This repository contains the code and images necessary to calibrate a camera, perform perspective transforms on images, and ultimate detect and track lane line features from dash cam footage. I wrote a more in-depth article about the process on Medium.
When working with a camera, there is always a certain amount of lens distortion that occurs. Lens distortion is where distances or sizes of objects in the center of the photo and the sides are not accurately preserved. The amount of distortion that occurs depends on the camera. Luckily, a distorted photo and a distortion-corrected photo are just a linear matrix transform of each other. This means that we can generate that matrix transform according to each unique camera's lens distortion.
To do so, we need to calibrate the camera using a chessboard. OpenCV includes functions to extract the camera matrix transform from a chessboard image because chessboards are perfectly uniform. The process looks like this:
The coordinates are passed to cv2.undistort() which returns the matrix transform and distortion. These are then used to correct photos for distortion.
When we are using very traditional computer vision and machine learning techniques, it's often the case that binary (black and white / zero and one) matrices/images are the best to work with. This is not the same as grayscale where there is a single color channel with pixel values that exist in the range [0, 255]. Rather, we must apply some filters to a grayscale image to push those values to either 0 or 1 (i.e. 255).
I chose to use an ensemble method of filters. Each pixel was evaluated to meet either a threshold of Sobel gradients in the X and Y direction or a threshold of gradient magnitude and direction. This ensemble filter was combined bitwise_or with a threshold filter of the Saturation channel from the HSV color space. My final pipeline looks like this:
def binary_pipeline(img):
img_copy = cv.GaussianBlur(img, (3, 3), 0)
#img_copy = np.copy(img)
# color channels
s_binary = hls_select(img_copy, sthresh=(140, 255), lthresh=(120, 255))
#red_binary = red_select(img_copy, thresh=(200,255))
# Sobel x
x_binary = abs_sobel_thresh(img_copy,thresh=(25, 200))
y_binary = abs_sobel_thresh(img_copy,thresh=(25, 200), orient='y')
xy = cv.bitwise_and(x_binary, y_binary)
#magnitude & direction
mag_binary = mag_threshold(img_copy, sobel_kernel=3, thresh=(30,100))

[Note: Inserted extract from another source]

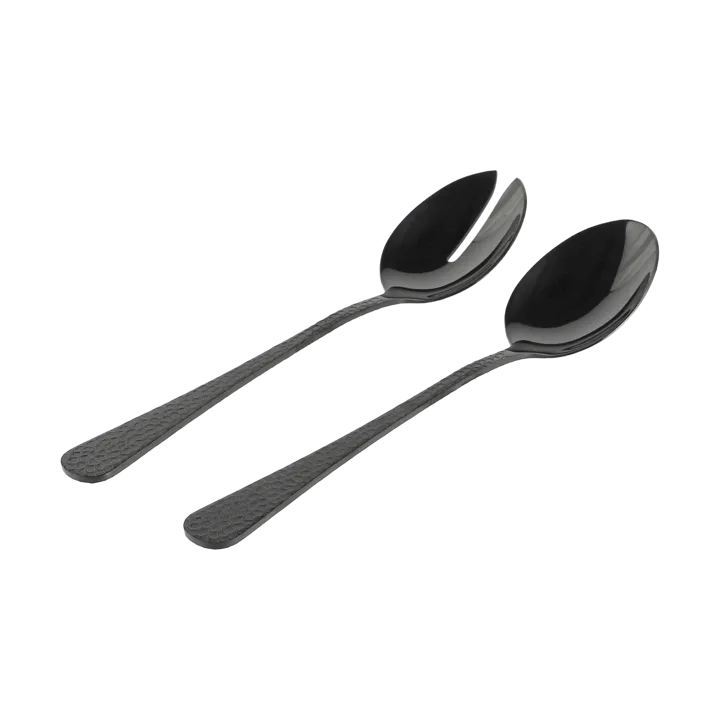 Frost salad cutlery - Onyx - Vargen & Thor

dir_binary = dir_threshold(img_copy, sobel_kernel=3, thresh=(0.8, 1.2))
# Stack each channel
gradient = np.zeros_like(s_binary)
gradient[((x_binary == 1) & (y_binary == 1)) | ((mag_binary == 1) & (dir_binary == 1))] = 1
final_binary = cv.bitwise_or(s_binary, gradient)
return final_binary
Now that we have the lanes in a nice, easy-to-work-with binary form, we need to remove all of the other extraneous information and only look at the lines. We can use cv2.getPerspectiveTransform and cv2.warpPerspective to generate a linear matrix transform between a source polygon and a destination polygon and then apply that transform to an image. It looks like this:
The Destination image above lends itself nicely to a very simple way to find the lane lines - a histogram! By keeping track of the greatest number of white/one values in a given column, we can track where the lane is.

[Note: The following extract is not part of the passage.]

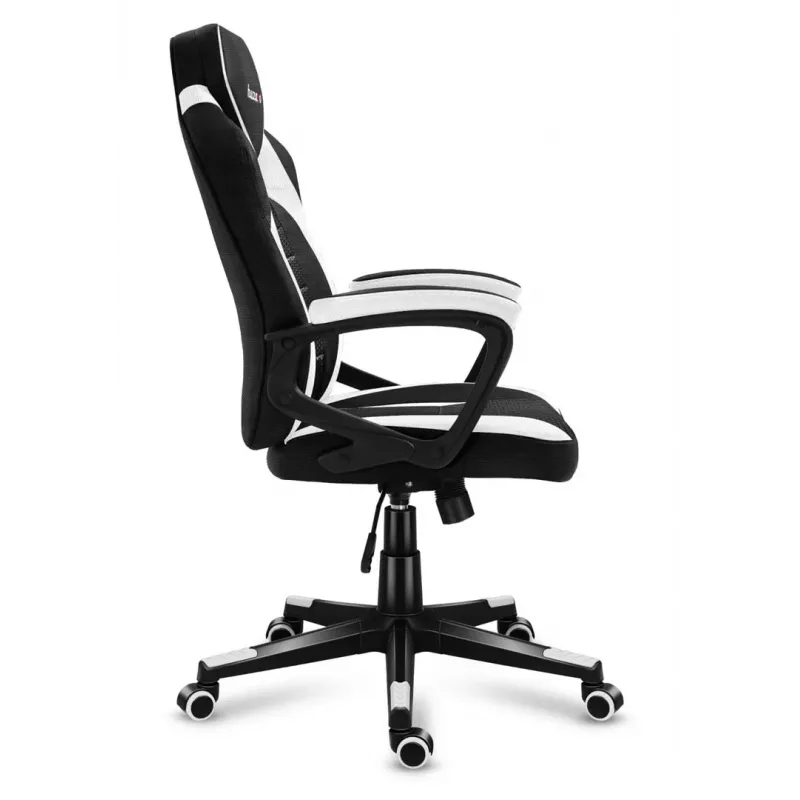CADEIRA GAMING HUZARO FORCE 2.5 WHITE MESH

The preliminary search works like this:
- Create a search window on the bottom of the image whose height is 1/9 of the image's height.

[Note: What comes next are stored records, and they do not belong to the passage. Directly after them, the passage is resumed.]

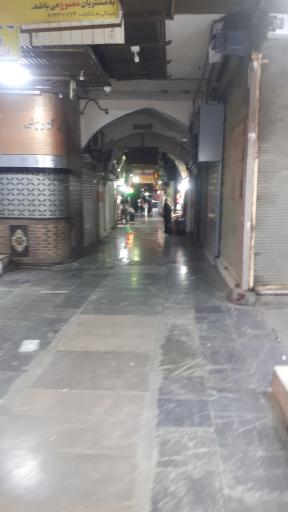 بازار سرپوشیده تاریخی ساوه 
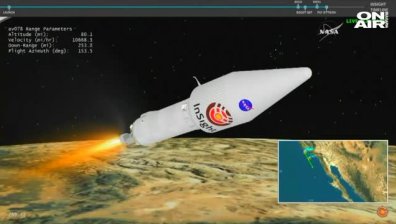 Сондата на НАСА "ИнСайт" пое курс към Марс
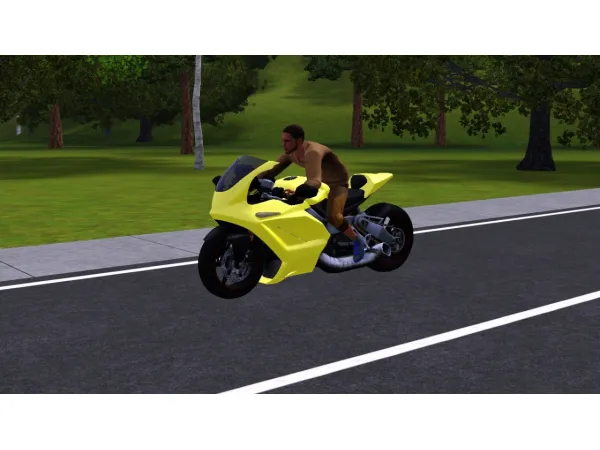 S3 2017 MTT 420RR - The Sims 3 Custom Content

- Split the window into left and right halves.
- Locate the pixel column with the highest value via histogram.
- Draw a box around that area using a margin variable.
- Identify all of the non-zero pixels in that box. If there are enough, center the box on their mean position for the next window.
- Fit a quadradtic equation to all of the non-zero pixels identified in each half of the image (left lane and right lane)
Once we have the polynomial of the line that best fits the lane, we can optimize our search by only looking in the neighborhood of that polynomial from frame to frame.
Then we can pass back an overlay to the original frame of the area between the curves:
Polynomials are great because they are pure mathematics! We can use the formula for radius of curvature to extract some useful information about the road itself. Also, lane lines are a standardized size. This means we can convert from pixel space to metric space and measure where the car is in the lane. We can extract those features and output them to the frame:
Now it's time to apply the pipeline to a video! You can check out some footage from California or from my hometown of Chicago!
This project is mostly a showcase of the power of being explicit. Often times we think of deep learning as a cure-all, but there are situations where explicit computer vision is much better and traditional machine learning is much faster. This project has a very fast backend, but the drawing of bounding boxes, radius, etc (the image editing) is very slow. I can imagine using a pipeline like this to send information to a robotics system in realtime, but not for displaying a HUD to a driver/passenger. Further, this pipeline is not robust enough to handle the driving conditions that it needs to in order to be useable:
- Going uphill or downhill
- Rain/snow/etc
- Poor lighting conditions
- Roads that have little or no lane markers
- Occlusion by vehicles/signs/etc